We first demonstrate the package with an example. In this example, we create a cluster with 4 cores and share an n-by-n matrix A
, we use the function share
to create a shared object shared_A
and call the function clusterExport
to export it:
library(parallel)
## Initiate the cluster
cl <- makeCluster(1)
## create data
n <- 3
A <- matrix(runif(n^2), n, n)
## create a shared object
shared_A <- share(A)
## export the shared object
clusterExport(cl,"shared_A")
stopCluster(cl)
As the code shows above, the procedure of exporting a shared object to the other R processes is similar to the procedure of exporting a regular R object, except that we replace the matrix A
with a shared object shared_A
. Notably, there is no different between the matrix A
and the shared object shared_A
. The shared object shared_A
is neither an S3 nor S4 object and it behaves exactly the same as the matrix A
, so there is no need to change the existing code to work with the shared object. We can verify this through
## check the data
A
#> [,1] [,2] [,3]
#> [1,] 0.3663821 0.67517193 0.0012652
#> [2,] 0.4349437 0.07030278 0.7385204
#> [3,] 0.6573789 0.31251063 0.3734009
shared_A
#> [,1] [,2] [,3]
#> [1,] 0.3663821 0.67517193 0.0012652
#> [2,] 0.4349437 0.07030278 0.7385204
#> [3,] 0.6573789 0.31251063 0.3734009
## check the class
class(A)
#> [1] "matrix" "array"
class(shared_A)
#> [1] "matrix" "array"
## idential
identical(A, shared_A)
#> [1] TRUE
Users can treate the shared object shared_A
as a matrix and do operations on it as usual. For reducing the unnecessary creation of a shared object, the subset of a shared object is a regular R object. Users can verify this by calling is.shared
## `shared_A` is a shared object
is.shared(shared_A)
#> [1] TRUE
## The subset of `shared_A` is not
is.shared(shared_A[1:2])
#> [1] FALSE
This behavior, however, can be altered via the argument sharedSubset
. Therefore, if a shared object shared_A
is made by share(A, sharedSubset = TRUE)
, then all the subsets of the object shared_A
will be shared objects automatically.
Currently, the package supports raw
, logical
, integer
and double
data types. character
is not supported. Sharing the data structure atomic
(aka vector
), matrix
, data.frame
and list
is available. The function share
is an S4 generic, developers can define an S4 share
function to support their own data structures.

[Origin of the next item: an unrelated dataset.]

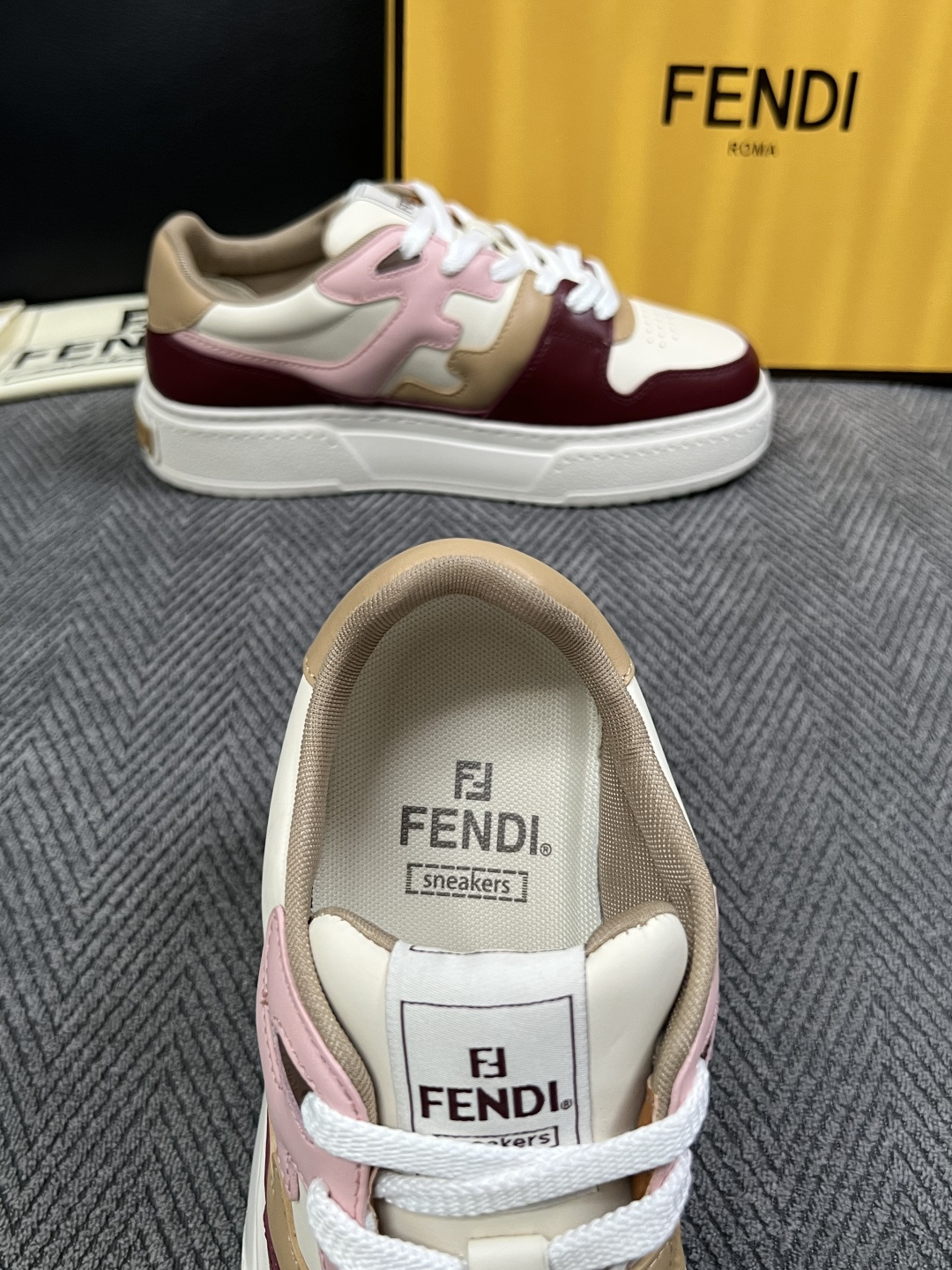 FENDI  高品质  顶级工艺品，芬迪  专柜同步，原厂配置意大利进口牛皮面料，进口牛皮内里垫，透气舒适，鞋底：原厂特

Please note that sharing a list object will not sharing the list itself, but sharing each element of the list object instead. Therefore, adding or replace an element on a shared list in the main process will not implicitly change the shared list on the other processes. Since a data frame is fundamentally a list object, sharing a data frame will follow the same principle as sharing a list.
When a list consists of both sharable and non-sharable objects, mustWork
argument can be used in the share
function to share the sharable elements and keep the non-sharable elements same(Otherwise an error will be shown). Alternatively, the function tryShare
is a shortcut for share(..., mustWork = FALSE)
## the element `a` is sharable and b is not
mydata <- list(a = 1:3, b = letters[1:3])
## Will get an error if we directly share the object
## share(mydata)
## Use the `mustWork` argument to suppress the error message
sharedList1 <- share(mydata, mustWork = FALSE)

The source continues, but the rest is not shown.